Penerapan blue economy di Indonesia saat ini, kata Vinda, sudah mencatat peningkatan jika dibandingkan tahun sebelumnya. Dicontohkan, salah satu bentuk dukungan yang diberikan Kementerian Pariwisata dan Ekonomi Kreatif (Kemenparekraf), yaitu program desa wisata.
Setiap desa di Indonesia diakomodasi untuk menggali ciri khas daerah masing-masing, yang berkontribusi dalam penerapan blue economy tersebut.
“Masyarakat daerah pesisir yang awalnya hanya berfokus untuk menangkap ikan saja, saat ini dapat mengembangkan potensi dari sektor perikanan dan kelautan,” katanya.
Tidak hanya diversifikasi hasil laut, melainkan juga kerajinan tangan yang bisa menjadi ciri khas daerah.
Di beberapa desa atau wilayah, bahkan, sudah mulai ‘mempercantik’ diri agar menarik wisatawan lokal maupun internasional.

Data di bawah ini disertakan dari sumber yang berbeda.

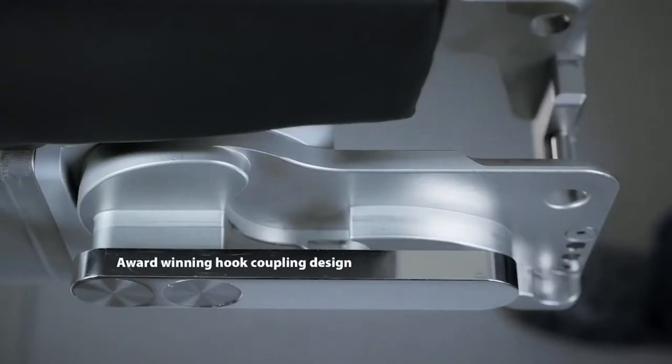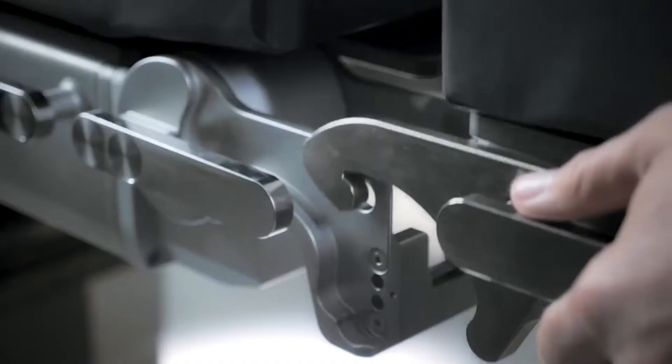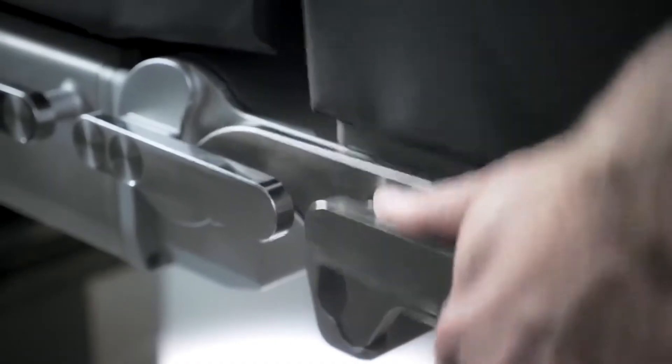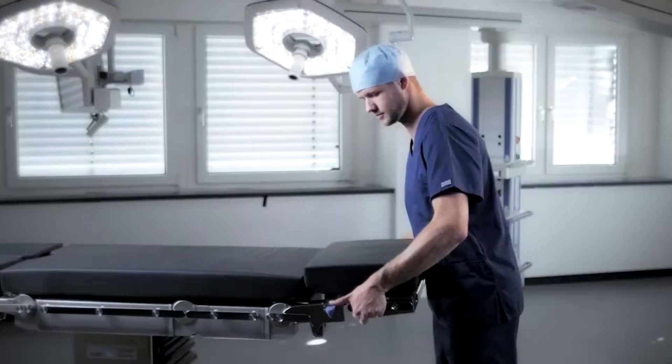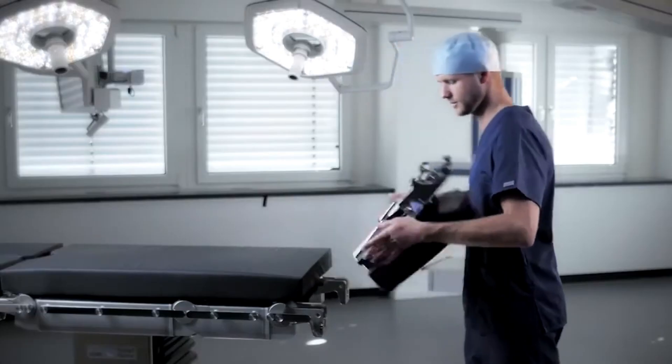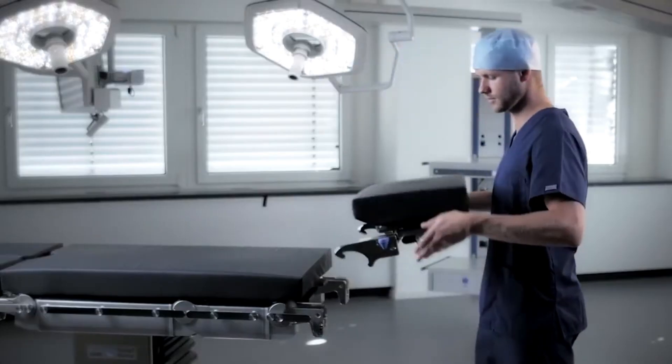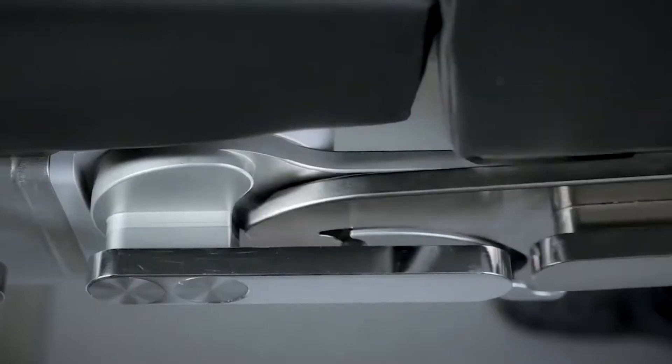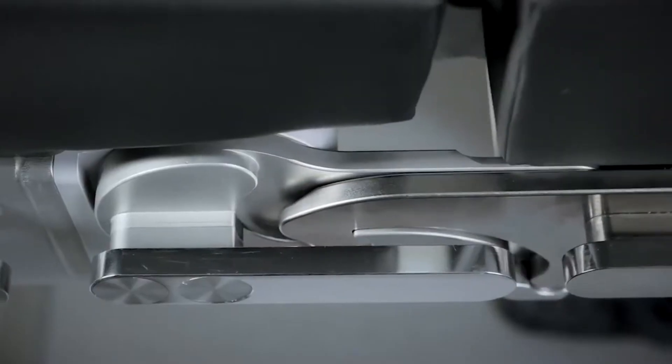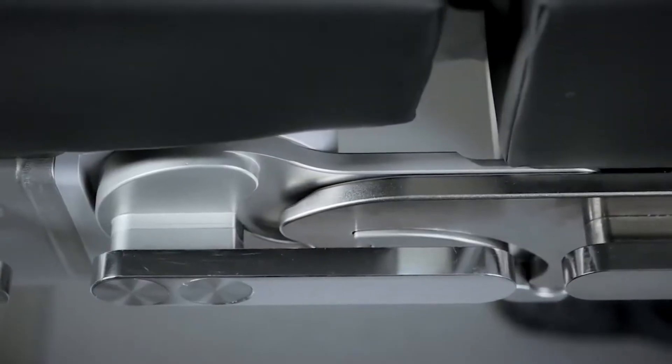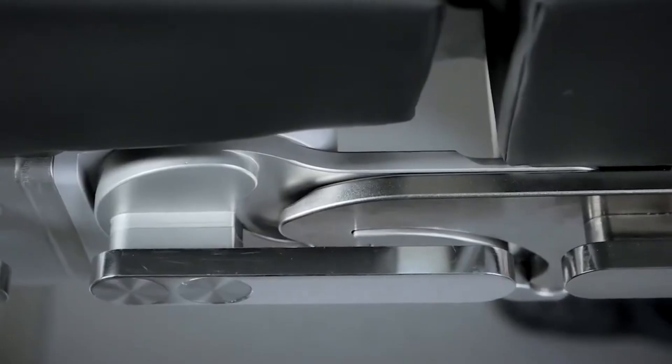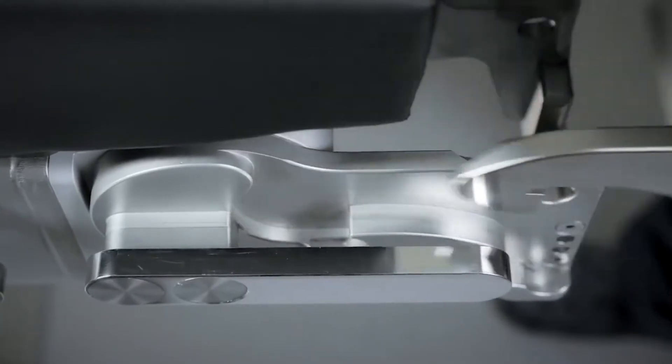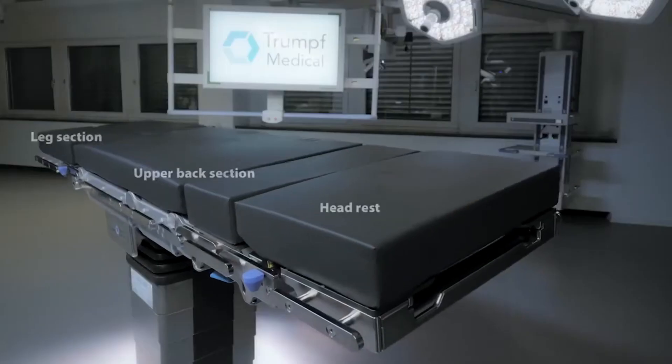A wide range of additional components attach to the table to support the patient, including arm boards, headrests, leg supports or stirrups, anesthesia screens, and instrument trays.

Meskipun demikian, Vinda mengatakan, masih banyak tantangan terhadap penerapan blue economy di Indonesia.
Pertama, menurut Vinda, eksploitasi sumber daya alam oleh nelayan yang melakukan penangkapan hasil laut secara berlebihan dan mengganggu ekosistem laut. Sehingga, perlu ada inovasi dalam menghasilkan produk yang optimal tanpa merusak lingkungan.